Section 15.    Duration of Agreement. This Agreement shall continue until and terminate upon the later of: (a) ten years after the date that Indemnitee shall have ceased to serve as a director, officer, employee, agent or fiduciary of the Corporation or of any other corporation, partnership, joint venture, trust, employee benefit plan or other enterprise which Indemnitee served at the request of the Corporation; or (b) the final termination of all pending Proceedings in respect of which Indemnitee is granted rights of indemnification or advancement of Expenses hereunder and of any proceeding commenced by Indemnitee pursuant to Section 12. This Agreement shall be binding upon the Corporation and its successors and assigns and shall inure to the benefit of Indemnitee and Indemnitee’s heirs, executors and administrators. The Corporation shall use its reasonable best efforts to require and cause any successor, and any direct or indirect parent of any successor, whether direct or indirect by purchase, merger, consolidation or otherwise, to all, substantially all or a substantial part, of the business and/or assets of the Corporation, by written agreement in form and substance satisfactory to Indemnitee, expressly to assume and agree to perform this Agreement in the same manner and to the same extent that the Corporation would be required to perform if no such succession has taken place.
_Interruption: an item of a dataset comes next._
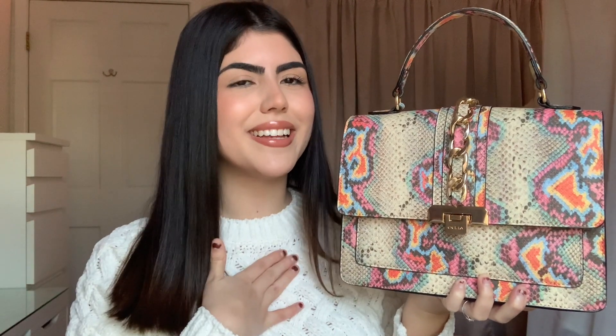This is my winter bag of the season. I love it so much. I basically got a purse from my parents for Christmas and I didn't necessarily love it, so I exchanged it for this one. If you would like to see what they got me for Christmas, I will link that video down below. It was just a green bag — it kind of had the same print as this, but I didn't like the color. I got this one instead and I've been using it ever since.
Section 16.    Severability. If any provision or provisions of this Agreement shall be held to be invalid, illegal or unenforceable for any reason whatsoever: (a) the validity, legality and enforceability of the remaining provisions of this Agreement (including without limitation each portion of any Section of this Agreement containing any such provision held to be invalid, illegal or unenforceable, that is not itself held invalid, illegal or unenforceable) shall not in any way be affected or impaired thereby; (b) such provision or provisions shall be deemed reformed to the extent necessary to conform to applicable law and to give the maximum effect to the intent of the parties hereto; and (c) to the fullest extent possible, the provisions of this Agreement (including without limitation each portion of any Section of this Agreement containing any such provision held to be invalid, illegal or unenforceable, that is not itself held invalid, illegal or unenforceable) shall be construed so as to give effect to the intent manifested by the provision held invalid, illegal or unenforceable.
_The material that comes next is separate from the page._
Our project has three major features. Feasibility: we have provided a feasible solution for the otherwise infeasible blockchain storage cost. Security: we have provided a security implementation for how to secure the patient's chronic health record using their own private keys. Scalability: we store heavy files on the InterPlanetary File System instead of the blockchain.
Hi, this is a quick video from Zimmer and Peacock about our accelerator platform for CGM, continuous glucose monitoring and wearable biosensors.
Section 17.    Exception to Right of Indemnification or Advancement of Expenses.
(a)    Notwithstanding anything in this Agreement to the contrary, but subject to the penultimate sentence of Section 9 and subject to Section 12(e), Indemnitee shall not be entitled to indemnification or advancement of Expenses under this Agreement with respect to any Proceeding, or any claim therein, brought or made by Indemnitee voluntarily and not by way of defense against the Corporation or any other person or entity unless the initiation thereof was expressly approved by the Board. For the avoidance of doubt, (1) Indemnitee shall not be deemed, for purposes of this paragraph, to have initiated or brought any claim by reason of (a) having asserted any affirmative defenses in connection with a claim not initiated by Indemnitee




or (b) having made any counterclaim (whether permissive or mandatory) in connection with any claim not initiated by Indemnitee and (2) Indemnitee shall be entitled to indemnification and advancement for any suit initiated by Indemnitee to enforce the rights provided for in this Agreement, as contemplated by the penultimate sentence of Section 9 and Section 12(e).
(b)    Notwithstanding anything in this Agreement to the contrary, Indemnitee shall not be entitled to indemnification for an accounting of profits made from the purchase and sale (or sale and purchase) by Indemnitee of securities of the Corporation within the meaning of Section 16(b) of the Securities Exchange Act of 1934, as amended, or similar provisions of state statutory law or common law.
Section 18.    Settlement. The Corporation shall have no obligation to indemnify Indemnitee hereunder for any amounts paid in settlement of any Proceeding effected without the Corporation’s prior written consent, which shall not be unreasonably withheld.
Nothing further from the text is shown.